TASK BRIEF: Every line below from the one with "vidaXL Bettrahmen mit" through the one with "Teelichthalter betender Engel" is to be repeated exactly, with no picture among them.

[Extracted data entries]
[Start of section]
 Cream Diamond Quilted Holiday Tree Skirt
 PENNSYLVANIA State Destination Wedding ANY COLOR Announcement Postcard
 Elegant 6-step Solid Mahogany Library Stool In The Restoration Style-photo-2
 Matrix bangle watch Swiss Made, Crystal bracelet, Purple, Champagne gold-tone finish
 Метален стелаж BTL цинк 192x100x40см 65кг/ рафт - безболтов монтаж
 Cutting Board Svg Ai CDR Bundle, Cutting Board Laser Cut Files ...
[End of section]
[Start of section]
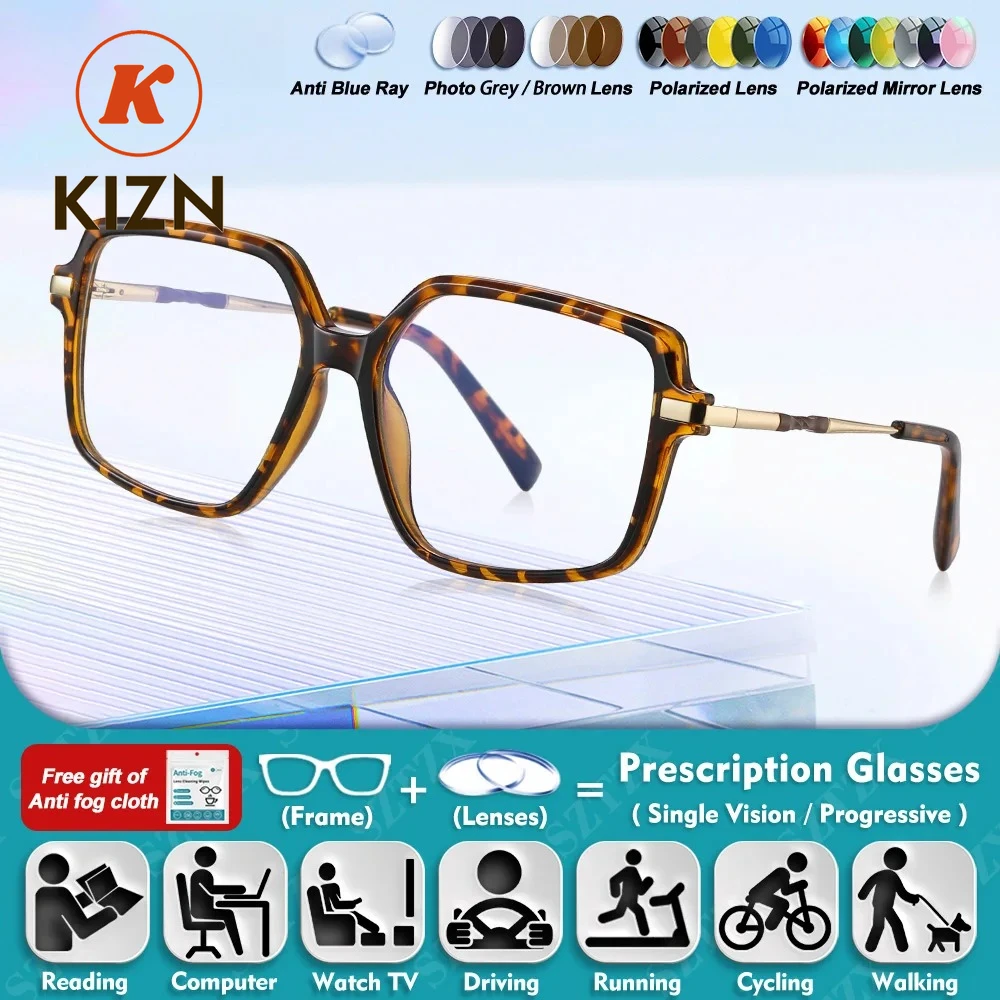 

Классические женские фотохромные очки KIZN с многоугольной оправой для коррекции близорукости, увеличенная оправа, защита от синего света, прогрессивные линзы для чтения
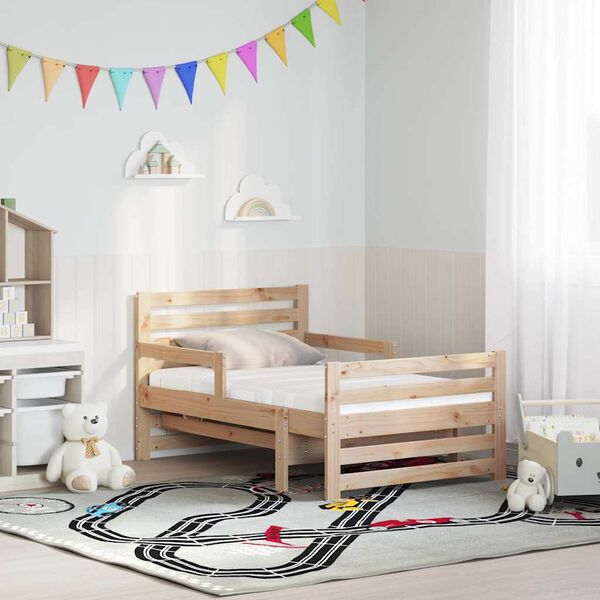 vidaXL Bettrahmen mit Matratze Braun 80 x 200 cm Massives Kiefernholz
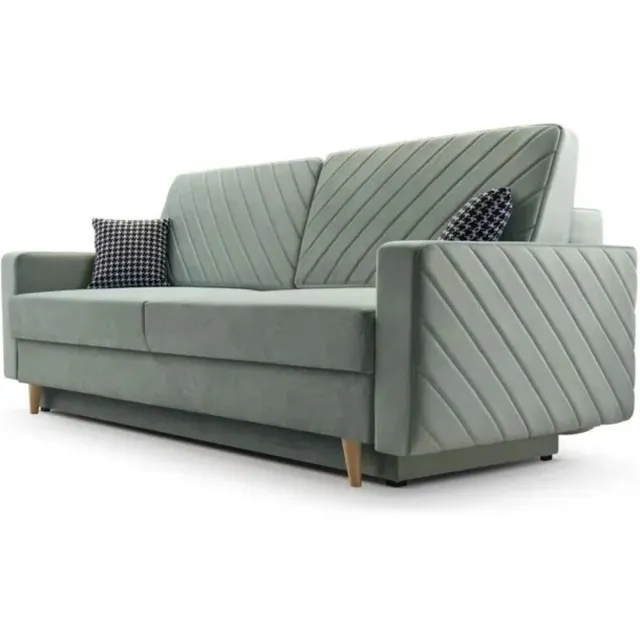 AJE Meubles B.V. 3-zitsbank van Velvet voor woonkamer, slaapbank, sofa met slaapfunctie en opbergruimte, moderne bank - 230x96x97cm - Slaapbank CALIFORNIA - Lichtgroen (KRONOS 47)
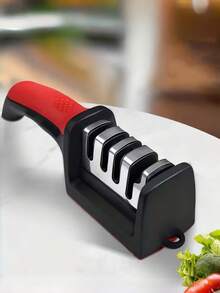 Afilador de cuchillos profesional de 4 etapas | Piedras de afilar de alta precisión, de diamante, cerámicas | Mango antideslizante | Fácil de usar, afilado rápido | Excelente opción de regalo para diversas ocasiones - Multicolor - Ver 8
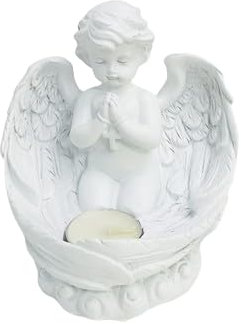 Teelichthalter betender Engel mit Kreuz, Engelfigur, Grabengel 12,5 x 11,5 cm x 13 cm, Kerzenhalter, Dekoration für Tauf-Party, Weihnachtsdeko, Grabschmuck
[End of section]
TASK OUTPUT:
 vidaXL Bettrahmen mit Matratze Braun 80 x 200 cm Massives Kiefernholz
 AJE Meubles B.V. 3-zitsbank van Velvet voor woonkamer, slaapbank, sofa met slaapfunctie en opbergruimte, moderne bank - 230x96x97cm - Slaapbank CALIFORNIA - Lichtgroen (KRONOS 47)
 Afilador de cuchillos profesional de 4 etapas | Piedras de afilar de alta precisión, de diamante, cerámicas | Mango antideslizante | Fácil de usar, afilado rápido | Excelente opción de regalo para diversas ocasiones - Multicolor - Ver 8
 Teelichthalter betender Engel mit Kreuz, Engelfigur, Grabengel 12,5 x 11,5 cm x 13 cm, Kerzenhalter, Dekoration für Tauf-Party, Weihnachtsdeko, Grabschmuck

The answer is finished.